Justificação da Escolha da Obra

Título: A Coroação de Napoleão
Pintor: Jacques-Louis David
    No livro Napoleão, o Grande, de Andrew Roberts, exploro não só a vida do imperador, mas também o seu percurso político, as suas táticas militares e a forma como criou com determinação e ambição uma imagem quase inabalável de si próprio. Cada capítulo revela não só o génio táctico de Napoleão, mas também o cuidado com que moldou a sua própria imagem pública. E foi esta consciência da sua imagem que me fez escolher a obra de Jacques-Louis David, A Coroação de Napoleão.

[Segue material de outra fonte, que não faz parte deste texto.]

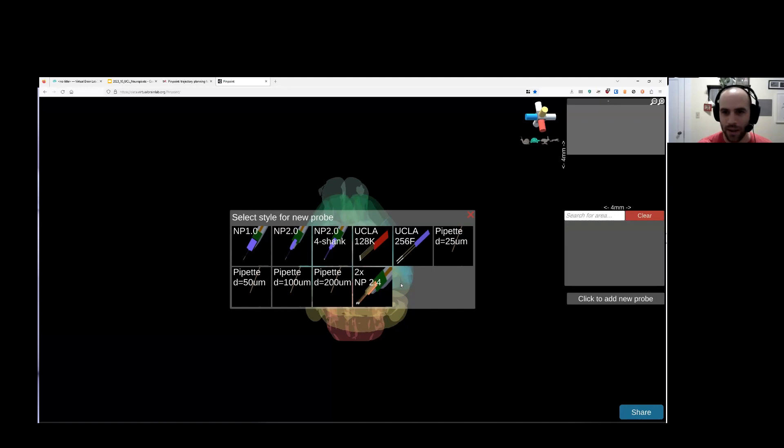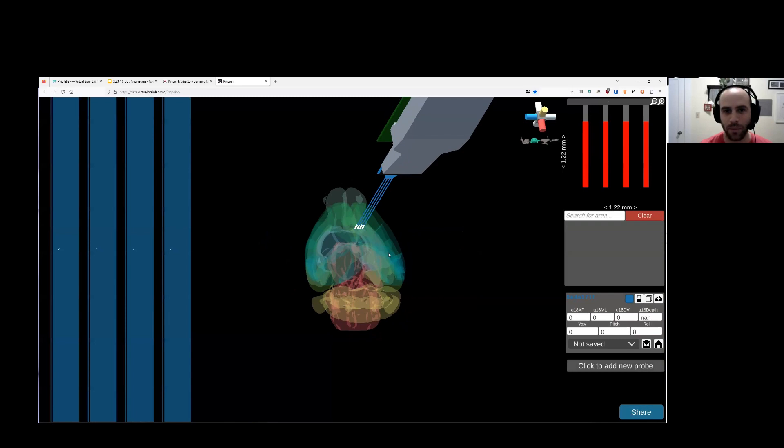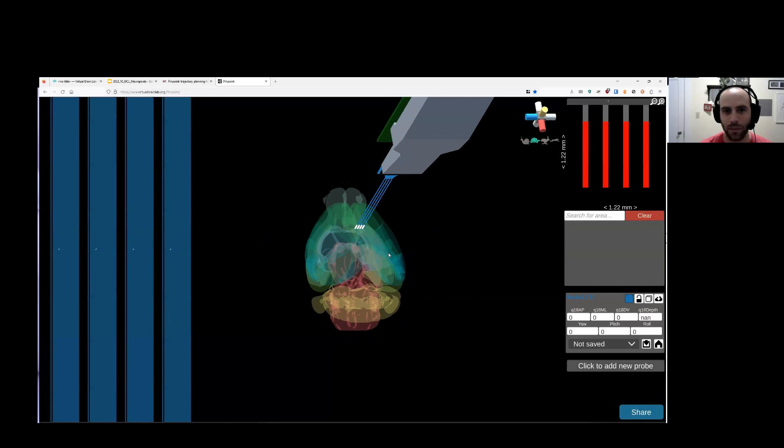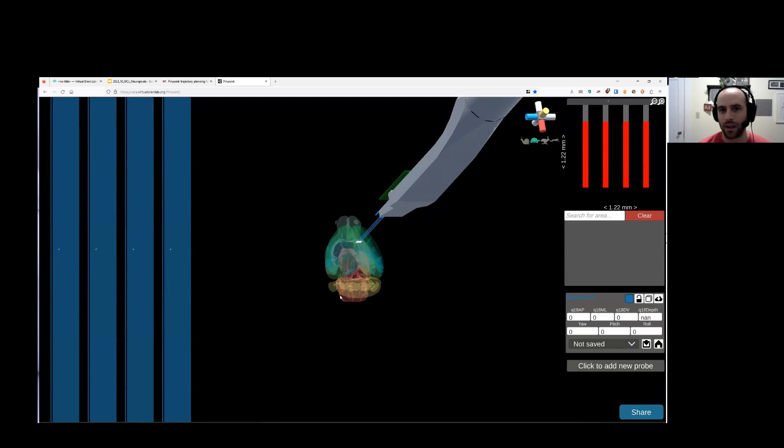You can drop different probes. Right now, we have a small selection of probes. We're hoping to add more. Let's plan with a 4-stack neural pixels probe. So I just dropped the probe in the scene. You can see the 3D model, the scale relative to the mouse brain. And seeing that 3D space, I think, is really helpful for people who are unfamiliar with these probes.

    Visualmente, a pintura de David representa aquilo que o livro narra com tanto rigor: o instante em que Napoleão se coloca no centro do poder absoluto, não como herdeiro de um trono, mas numa posição de conquista, redefinição e controlo do seu destino. É a cerimónia na Catedral de Notre-Dame onde Napoleão, naquele gesto histórico, se coroou imperador. Uma decisão tão simbólica, tão minuciosamente analisada no livro, parece representada nesta pintura com toda a grandeza que ele próprio lhe desejava conferir. Cada figura na composição, cada dobra das vestes, cada olhar fixo em Napoleão reforça a narrativa que Roberts apresenta, a de um homem que soube, como poucos, unir política, teatralidade e autoridade num só gesto.
    Esta obra aborda a mesma ideia central, o poder como uma construção humana. Roberts mostra-nos o estratega que delineia cada passo, que observa o mundo como um tabuleiro de xadrez onde cada movimento pode acarretar uma consequência. David, por sua vez, apresenta este poder já consolidado numa forma visual, repleta de simbolismo e intenção. Se no livro nos apercebemos do caminho que Napoleão percorre para chegar ao topo, nesta pintura observamos o resultado desta viagem: um imperador que domina a cena, ocupa o espaço e se eleva acima dos outros.
    Em suma, Napoleão, o Grande, de Andrew Roberts, e A Coroação de Napoleão, de Jacques-Louis David, complementam-se mutuamente, cada um à sua maneira, para apresentar duas dimensões do mesmo homem: a análise histórica e o retrato monumental. Enquanto o livro nos leva aos bastidores do poder as decisões, os riscos, as vitórias e as derrotas, a pintura mostra o auge desse poder, destilado numa imagem e num símbolo. Juntos, recordam-nos que Napoleão não era apenas um líder militar, mas também um especialista em criar a sua própria mitologia.